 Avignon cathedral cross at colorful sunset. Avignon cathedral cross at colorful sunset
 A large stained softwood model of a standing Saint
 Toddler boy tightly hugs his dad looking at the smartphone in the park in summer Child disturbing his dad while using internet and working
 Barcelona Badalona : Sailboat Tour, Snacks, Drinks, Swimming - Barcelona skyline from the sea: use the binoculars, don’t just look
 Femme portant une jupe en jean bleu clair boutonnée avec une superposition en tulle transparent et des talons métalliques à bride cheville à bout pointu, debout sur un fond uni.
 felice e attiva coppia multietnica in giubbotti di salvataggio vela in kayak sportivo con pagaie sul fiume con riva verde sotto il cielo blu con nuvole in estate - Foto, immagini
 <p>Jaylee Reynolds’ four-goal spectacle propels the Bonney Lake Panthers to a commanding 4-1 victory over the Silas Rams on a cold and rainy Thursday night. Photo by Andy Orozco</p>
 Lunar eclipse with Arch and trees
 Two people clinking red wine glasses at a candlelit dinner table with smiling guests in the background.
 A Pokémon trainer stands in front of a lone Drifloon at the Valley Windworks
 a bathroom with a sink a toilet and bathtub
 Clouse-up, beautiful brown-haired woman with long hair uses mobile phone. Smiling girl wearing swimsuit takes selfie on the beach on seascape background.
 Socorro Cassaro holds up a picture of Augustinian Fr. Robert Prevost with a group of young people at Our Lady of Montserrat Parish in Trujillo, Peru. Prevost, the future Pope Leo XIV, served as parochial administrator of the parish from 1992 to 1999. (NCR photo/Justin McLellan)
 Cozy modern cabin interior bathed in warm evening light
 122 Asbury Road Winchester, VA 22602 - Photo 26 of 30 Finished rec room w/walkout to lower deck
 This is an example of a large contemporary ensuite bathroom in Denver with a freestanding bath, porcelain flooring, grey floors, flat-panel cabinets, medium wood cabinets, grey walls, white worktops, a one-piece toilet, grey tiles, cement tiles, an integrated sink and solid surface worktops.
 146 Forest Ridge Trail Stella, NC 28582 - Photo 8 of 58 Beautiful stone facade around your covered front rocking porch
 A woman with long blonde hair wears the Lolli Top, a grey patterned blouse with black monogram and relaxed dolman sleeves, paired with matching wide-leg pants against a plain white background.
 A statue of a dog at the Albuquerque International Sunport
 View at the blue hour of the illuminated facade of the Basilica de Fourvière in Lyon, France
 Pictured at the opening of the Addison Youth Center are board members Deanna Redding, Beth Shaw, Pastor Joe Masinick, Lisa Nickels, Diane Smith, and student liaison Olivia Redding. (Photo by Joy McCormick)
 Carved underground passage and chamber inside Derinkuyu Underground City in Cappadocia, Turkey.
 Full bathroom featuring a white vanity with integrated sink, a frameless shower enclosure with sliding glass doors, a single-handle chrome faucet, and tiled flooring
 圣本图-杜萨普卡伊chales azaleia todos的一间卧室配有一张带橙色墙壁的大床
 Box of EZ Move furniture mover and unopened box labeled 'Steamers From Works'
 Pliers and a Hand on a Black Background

_Instructions to follow_.
From the preceding records, count the lines where "hair" occurs and reply with the number only.

_Result of this task_.
2